Alphabets

pour Raymond

le jour de la rencontre

avec Victor Hugo

qui lui envoya une

lettre alors qu il

faisait ses ablutions

rituelles dans l’œil

de Courbet.

 

 

Le jour où le maquisard de la Berbeyrolle conduit

par la gendarmerie motorisée à la prison de Tulle,

crie au milieu des portes qui claquent et se referment

- nous sommes entrés dans un alphabet.

(Terrible ce visage qui savait POURQUOI il serait

condamné - alors que policiers tortionnaires, juges ne le

sauraient jamais).

 

*

 

Babel c’etait déjà (c’est encore) l alphabet

La manne c’etait aussi l’Alphabet cherchant dans le

désert les pages du LIVRE.

Ils sont devenus le destin des peuples (nations)

Leur déclin aussi.

 

*

 

Ces déchets de civilisation industrielle à travers

lesquels ils vivent en grande captivité ne réussissent

plus à assembler les vocables de Délivrance.

(Ils se souviennent signes décrits dans le ciel par le

vautour à la recherche de sa prose, parce que les

enfants du vautour ne naissent pas en captivité).

 

*

 

Les camps de concentration furent soudain leur prophétie

(et à travers eux tous ceux qui les avaient écrits ,

gravés, transcrits, transformés).

 

*

 

Le pari de la première nuit de prison : Un Alphabet

pour parler avec Dieu (apprendre l hébreu). Un Alphabet

pour parler avec la Création (apprendre le chinois). Un

Alphabet pour parler avec la Création parallèle (le Romain,

une ville futuriste sans futur depuis des siècles - il sait qu il n en sortira pas).

 

*

 

Ainsi commence le Mur comme langage.

 

*

 

- Alphabets aveugles, et les sourds-muets dont il

reste les signes morses pour la communication à distance.

Alphabet solitude de Capero voyant naître chaque matin

dans l’hôpital psychiatrique où le militantisme l’avait relégué,

un alphabet qui mourait chaque soir ne lui laissant le temps

que d’effleurer quelques lettres avec son esprit sans pouvoir les

approfondir, en déterrer le sens .

 

-Alphabets qui n existent que le jour et que la nuit

disperse (disfond) quels combats livrent-ils ?

 

-Alphabets périphériques qui n’existent que la nuit et que le

jour dessèche de quelles inquisitions sont-ils l’appât ?

 

-Les alphabets otages de l’histoire (ainsi parle Malatesta)

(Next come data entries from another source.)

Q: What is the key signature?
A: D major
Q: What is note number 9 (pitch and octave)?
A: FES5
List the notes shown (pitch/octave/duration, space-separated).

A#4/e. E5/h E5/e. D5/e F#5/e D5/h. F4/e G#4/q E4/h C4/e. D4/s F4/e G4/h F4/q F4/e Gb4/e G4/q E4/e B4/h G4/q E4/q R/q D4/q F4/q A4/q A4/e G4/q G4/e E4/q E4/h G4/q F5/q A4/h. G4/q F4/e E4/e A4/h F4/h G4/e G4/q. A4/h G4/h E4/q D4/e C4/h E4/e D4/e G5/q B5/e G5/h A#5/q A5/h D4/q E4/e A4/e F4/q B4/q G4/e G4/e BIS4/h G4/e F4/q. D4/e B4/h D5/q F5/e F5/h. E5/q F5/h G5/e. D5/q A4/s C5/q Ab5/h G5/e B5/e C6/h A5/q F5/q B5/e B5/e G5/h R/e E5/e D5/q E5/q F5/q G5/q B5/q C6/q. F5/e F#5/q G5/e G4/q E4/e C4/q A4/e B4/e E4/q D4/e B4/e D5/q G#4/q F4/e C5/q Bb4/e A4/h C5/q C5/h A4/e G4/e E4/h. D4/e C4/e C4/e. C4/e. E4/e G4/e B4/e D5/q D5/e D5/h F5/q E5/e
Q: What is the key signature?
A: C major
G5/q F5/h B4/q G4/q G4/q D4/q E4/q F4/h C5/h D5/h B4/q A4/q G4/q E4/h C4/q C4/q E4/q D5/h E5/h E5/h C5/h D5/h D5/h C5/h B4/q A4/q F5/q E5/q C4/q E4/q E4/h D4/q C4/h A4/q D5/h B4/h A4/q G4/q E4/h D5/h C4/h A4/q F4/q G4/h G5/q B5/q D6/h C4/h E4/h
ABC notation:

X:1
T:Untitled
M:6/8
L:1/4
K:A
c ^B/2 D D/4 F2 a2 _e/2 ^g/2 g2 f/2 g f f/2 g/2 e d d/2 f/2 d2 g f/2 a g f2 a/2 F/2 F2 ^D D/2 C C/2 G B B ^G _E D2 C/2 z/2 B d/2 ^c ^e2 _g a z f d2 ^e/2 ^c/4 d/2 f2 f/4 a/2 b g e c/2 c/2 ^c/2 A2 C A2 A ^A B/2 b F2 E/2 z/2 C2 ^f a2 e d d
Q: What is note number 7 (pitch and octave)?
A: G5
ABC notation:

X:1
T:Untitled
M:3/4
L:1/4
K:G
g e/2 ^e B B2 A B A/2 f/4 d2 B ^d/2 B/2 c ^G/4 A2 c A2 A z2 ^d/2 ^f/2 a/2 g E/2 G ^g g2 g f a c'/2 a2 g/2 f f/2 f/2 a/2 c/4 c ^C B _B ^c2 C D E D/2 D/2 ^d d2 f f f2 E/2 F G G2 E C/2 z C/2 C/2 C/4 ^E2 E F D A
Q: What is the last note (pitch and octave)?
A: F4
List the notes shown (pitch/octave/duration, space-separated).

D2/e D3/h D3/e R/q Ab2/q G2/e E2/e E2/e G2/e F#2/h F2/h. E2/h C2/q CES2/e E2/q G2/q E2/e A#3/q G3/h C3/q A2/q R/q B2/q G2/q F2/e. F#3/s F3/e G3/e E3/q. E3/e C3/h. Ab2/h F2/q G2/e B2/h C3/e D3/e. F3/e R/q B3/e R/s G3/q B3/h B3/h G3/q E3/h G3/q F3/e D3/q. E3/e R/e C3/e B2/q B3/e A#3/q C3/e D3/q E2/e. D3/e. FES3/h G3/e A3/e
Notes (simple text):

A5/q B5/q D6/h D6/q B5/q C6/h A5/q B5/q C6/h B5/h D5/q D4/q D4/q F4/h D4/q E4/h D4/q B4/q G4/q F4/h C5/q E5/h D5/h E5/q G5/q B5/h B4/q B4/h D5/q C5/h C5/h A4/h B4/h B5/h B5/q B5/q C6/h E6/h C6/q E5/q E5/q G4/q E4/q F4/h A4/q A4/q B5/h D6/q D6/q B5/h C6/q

et dont on ignore la rançon qui les remettait en

circulation.

 

-Alphabets saisis à l imprimerie centrale par les Tupamaros

Les pires ennemis de ceux qui n’ont pas le pouvoir,

expliquent-ils.

 

-Alphabets simples comme un rêve d avenir nihiliste :

LA CITÉ DU SOLEIL.

Il y a passé dans chaque alphabet le tripot, l’enjeu,

la dernière chance, le barillet avec la balle

unique.

Chaque caractère est le chiffre d’une roulette où se

rencontrent les différents sens du mot.

 

-Alphabets en manque de fraternité, perdue la

connivence avec les éléments de l univers, ses

correspondances dérobées.

 

-De quelle confrontation sont-ils le rêve jamais

atteint (alphabet Bakounine dont le grand

soir est toujours pour demain) et ceux qui ont

accroché leur lendemain à la lune marmottant

le destin à l’homme comme mur un chapelet dont les

grains répètent toujours le même calendrier.

 

-Alphabets pollen dont la seule raison d exister

est le vent qui transporte.

 

-Alphabets intérieur dont le seul savoir est

l’eau qui coule.

 

Les voici caravanes traversant les déserts de la

mise en commun.

Caravanes devenues routes à mesure qu’elles avancent

caravanes se succédant vers un toujours ailleurs

de la parole

la pierre promise

ou le mur

ou ils pourront pousser comme la végétation

 et avoir l’âge des quatre saisons

 

Commencer

où l’alphabétisation est devenue uniforme de pensée : LA VILLE

La lettre n’a plus qu’un seul pied flexible

une face, pas de dos, des mains pinces articulées

et un gros œil télescopique

elle entre dans le jeu de miroirs métaphoriques

où se perdent les sociétés.

Chaque lettre d’une ville marche à reculons

fixée sur son corps d’hier.

elle est mémoire flottante, opinion errante

bribe de mémoire/ pour informer le corps urbain.

 

Rêve des alphabets qui forment une ville :

Êêtre un lieu qui déplace ses monuments

ses fantasmes, ses statues, ne rien laisser à sa

place d’origine, baptiser et rebaptiser sans cesse.

Même les morts, on les enterre, déterre, réenterre

(disposition typographique) Remue ménage perpétuel

des Dieux et des Hommes.

 

De combien de dieux amputés, paralysés, cul-de-jatte les

Alphabets sont-ils la fable ?

D’hommes paralysés, amputés, aussi

 

Comme les trois Weathermen réunis autour

de la construction d’une bombe, qui à peine

assemblée les volatilisa.

 

Trois pierres réunies autour du feu

(et devenues signe de l’Alphabet)

 

          ¯                               ¯                                      ¯

          En devenant          Le SIGNE                     LE SIGNE

                   SIGNES            que nous sommes         et ses réacteurs

         Nous avons lutté        devenus                        (il peut voler)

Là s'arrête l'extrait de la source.